Example D: Designing a Spell Formula Item (Optional Support System)

Step 1 — Intent: "I want to create a ring that holds a Tier 2 ward so it can activate instantly in combat."

Step 2 — School Check: The player uses the Spell Formula support skill to anchor a chosen spell into an item. The underlying spell (the Ward) must be a spell the creator (or a collaborator) knows how to cast natively.

Step 3 — Tier Budget & Item Limits:

Step 4 — Write it up:

### Defender's Ring (Spell Formula Item)
*Spell Formula (Tier 2)*
**Item Required:** A sturdy metal ring (Affluent Funds).
**Stored Spell:** Tier 2 Abjuration (Ward specialization) (requires a collaborator or creator with Abjuration 2).

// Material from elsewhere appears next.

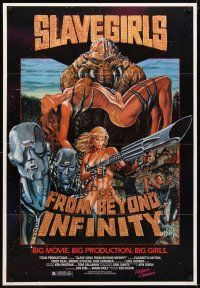 9x767 SLAVE GIRLS FROM BEYOND INFINITY 1sh '87 wild sci-fi art of sexy girl with huge gun!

An intricately engraved ring that houses a compressed 
force-shield boundary, designed to trigger the moment 
the wearer is struck with significant kinetic energy.

**System:** Creating the formula takes a day of work and 
a successful Finesse + Academics roll. Once finished, 
the wearer can trigger the Ward as a free action in combat 
by feeding it 4 Mana. 

7. Common Pitfalls

Pitfall Why It's a Problem Fix
"It just works" No roll, no cost, no limits described Every spell needs a roll, a cost, and a failure case
School bleed An "Abjuration" spell that generates lightning on trigger The trigger is Abjuration; the lightning is Projection. Split into two spells or add a Cross-School Prerequisite
Flat power A Tier 2 spell that does 4 damage and hits a building Check the Tier Power Budget table. This is Tier 4+
No scaling Overcharge does nothing Rely on Universal Overcharge or define what specific Overcharge grants (+damage, +duration, +targets)
Missing flavour "Deals 3 damage to one target within 10m" Describe what the caster does, what the target sees and feels
Permanent at low tier A Tier 2 spell with a permanent transformation Permanent effects start at Tier 5. Use duration scaling instead
No failure consequence Spell fizzles but nothing bad happens At minimum, the mana is lost. For higher tiers, consider backlash

8. GM Adjudication Tips

When a player proposes a homebrew spell during play:

  1. Identify the school immediately. Ask: "What is the mana doing?" If they can't answer cleanly, the spell needs more thought.
  2. Check the Tier Power Budget. Compare their proposed effect against the table. If it exceeds two columns, bump the tier.
  3. Assign a difficulty on the fly. Use the tier's TN range as your baseline and adjust ±1 based on circumstances.
  4. Ask for the cost. The mana cost is always equal to the Tier at minimum. If the effect is stretching the tier, charge +1 mana.
  5. Define the failure case. What happens if they miss? At minimum: mana lost, spell fizzles. For Tier 3+: consider Mana Burn consequences or environmental backlash.
  6. Reward creativity, punish vagueness. A player who describes exactly how their mana canals interact with the environment gets the benefit of the doubt. A player who says "I cast a thing" does not.
The Improv Spell Rule

If a player wants to attempt a magical effect they don't have as a learned Power, the GM can allow a "raw shaping" attempt at +2 difficulty and double mana cost, provided the caster has at least 1 dot in the relevant Shaping Skill. A mage cannot brute-force an effect from a school they have never studied. This represents the mage improvising an effect without a proper spell matrix. This should be rare and dramatic.


9. Quick Reference: Spell Template

Copy this template when creating a new spell file:

---
tags: [spell, SCHOOL]
type: spell
tier: X
magic_school: SCHOOL
specialization: None
cost: X
description: "Brief one-line summary."
---
### SPELL NAME
*School (Tier X)*
**Mana Cost:** X

Flavour description (2-4 sentences).

**System:** Roll [Attribute] + [School] vs difficulty X.
On success: [effect]. Overcharge: [scaling/options].
On failure: mana is lost; [additional consequences if any].